AI code generators start with a specification—a model of reality—and generate forward from it. But they struggle with the nuanced understanding of reality required to test that model against actual behavior, identify where it breaks down, and reason backward to understand why.
The Path Forward
This doesn't mean we should only use AI for code generation and leave software operations to humans. It just means we need to evolve our thinking. The industry made a massive leap from simple autocomplete to conversational code generation—a complete workflow transformation. We need an equivalent transformation for the analytical, debugging, and maintenance phases of software development.
Many tools address modern code tasks, yet they operate in isolation. They are moderately improving an existing process versus re-imagining a new process from scratch.

You can get incremental gains from a better AI-powered code review system, or with agentic SRE, but the biggest advances will come from tools that rethink the entire software operations process, not just enhance an existing princess. Successful AI tools must reverse-engineer, enumerate, and help developers find sources of unexpected behavior. Besides being artistic builders, they will also need to be scientific investigators. They'll examine the problem as a whole, not in isolation.
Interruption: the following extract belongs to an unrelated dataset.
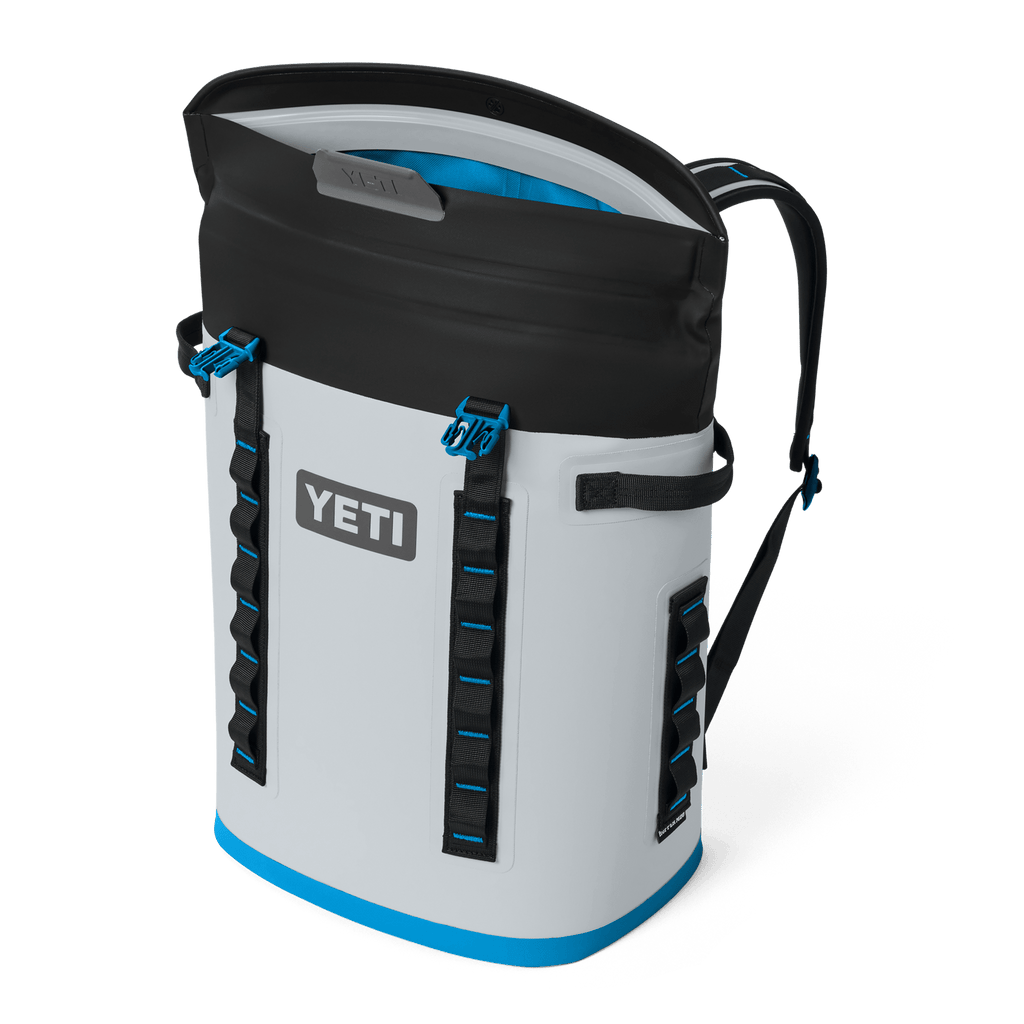 Hopper® M20 Backpack Soft Cooler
In the meantime, anticipate great prototypes and annoying production issues. This cognitive disconnect is here to stay, as it's key to how these systems operate. Understanding it is the first step toward building the next generation of tools that can finally deliver on the productivity promises of AI-assisted software development.
The models that can master both the art of building up and the science of building down while rethinking the entire SDLC won't just change how we code. They'll change what's possible to build and maintain at scale.